Ils ne s’en sont pas laissés compter, les quatre de Bengale. Moi qui ne les avais pas vus depuis plus d’un an, j’ai retrouvé un groupe plus léger (4 membres au lieu de 6), plus solide aussi sur les fondations de sa pop jamais uniforme, tantôt teintée de hip-hop, parfois très funky. Le groupe retombe toujours sur ses pattes, arrive à faire réagir la salle (avec des spectateurs assis, c’est remarquable) sans forcer. Bengale est un quatuor de tigres, qui passent du calme à l’énergie la plus sauvage en un clin d’oeil, qui savent aussi s’amuser sur scène (petites chorégraphies) et distiller quelques pépites pop irrésistibles (« Ocean Sun », « Le dernier tramway », « Vodka pomme »), qui laissent à penser que les griffes de ces tigres ont tout pour rester acérées à souhait.

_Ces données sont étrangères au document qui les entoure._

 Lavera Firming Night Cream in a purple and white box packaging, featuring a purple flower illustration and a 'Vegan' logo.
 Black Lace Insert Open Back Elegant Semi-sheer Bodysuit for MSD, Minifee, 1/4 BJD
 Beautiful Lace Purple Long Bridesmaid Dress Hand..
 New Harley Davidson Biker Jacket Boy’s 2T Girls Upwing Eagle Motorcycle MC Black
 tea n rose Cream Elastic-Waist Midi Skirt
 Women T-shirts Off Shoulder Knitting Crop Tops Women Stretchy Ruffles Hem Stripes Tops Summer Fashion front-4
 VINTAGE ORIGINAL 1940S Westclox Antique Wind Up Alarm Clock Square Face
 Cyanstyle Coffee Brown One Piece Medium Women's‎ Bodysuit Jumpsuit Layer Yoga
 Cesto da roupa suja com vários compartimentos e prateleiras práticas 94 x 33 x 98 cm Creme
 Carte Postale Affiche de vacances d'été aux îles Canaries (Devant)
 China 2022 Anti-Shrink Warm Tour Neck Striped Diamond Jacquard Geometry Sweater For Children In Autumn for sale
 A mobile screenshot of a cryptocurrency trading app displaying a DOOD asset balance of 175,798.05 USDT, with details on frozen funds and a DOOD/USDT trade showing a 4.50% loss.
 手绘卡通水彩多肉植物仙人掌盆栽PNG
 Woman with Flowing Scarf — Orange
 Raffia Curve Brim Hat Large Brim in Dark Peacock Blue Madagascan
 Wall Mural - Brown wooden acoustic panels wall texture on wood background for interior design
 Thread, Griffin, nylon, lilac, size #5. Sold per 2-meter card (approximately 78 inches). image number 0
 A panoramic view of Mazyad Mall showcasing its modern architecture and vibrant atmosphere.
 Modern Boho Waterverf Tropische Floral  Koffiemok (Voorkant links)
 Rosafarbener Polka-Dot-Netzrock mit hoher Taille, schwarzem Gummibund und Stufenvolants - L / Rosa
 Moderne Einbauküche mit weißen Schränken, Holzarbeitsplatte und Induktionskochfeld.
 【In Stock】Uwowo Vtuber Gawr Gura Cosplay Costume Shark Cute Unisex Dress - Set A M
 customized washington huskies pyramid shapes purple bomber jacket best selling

Alex Beaupain prend la suite et débarque presque sans crier gare. Il se place au milieu de la scène, entouré de ses quatre musiciens, et le charme opère de suite. La séduction semble être une constante chez le chanteur, qui alterne ses chansons pleines de mélancolie, voire de tristesse, avec un cabotinage très réussi, et des vannes ayant pour fil directeur Kaamelot ou un personnage de diva venu éclairer la « province » : fort bien jouée, cette comédie prête à sourire et sert le spectacle. Il fait ainsi de la place pour ses chansons en écartant ses musiciens au fur et à mesure, dénudant à chaque fois un peu plus ses textes, si beaux, si sensibles. L’amplitude des chansons n’empêche pas la constance de l’émotion, qui touche (« Baiser tout le temps », « Grands soirs »), fait rire, pleurer (je ne suis pas loin sur « Brooklyn Bridge »). Plein de gouaille, il raconte que Julien Clerc, qui lui a offert la mélodie de « Coule », s’inquiétait : « Est-ce que ce n’est pas un peu trop gai comme mélodie pour toi ? », mais jamais Beaupain ne glisse dans le pathos. Il explore généreusement un répertoire sans fausses notes, qui ne laisse pas indifférent une audience hélas réduite (environ 300 personnes, sur 650 de capacité maximale), qui a pu se régaler pendant une heure et demie. La clôture sur « Je suis un souvenir » parachève la démonstration d’un talent évident, qui a su renverser toute une audience : chapeau monsieur Beaupain, c’était un grand soir, vraiment.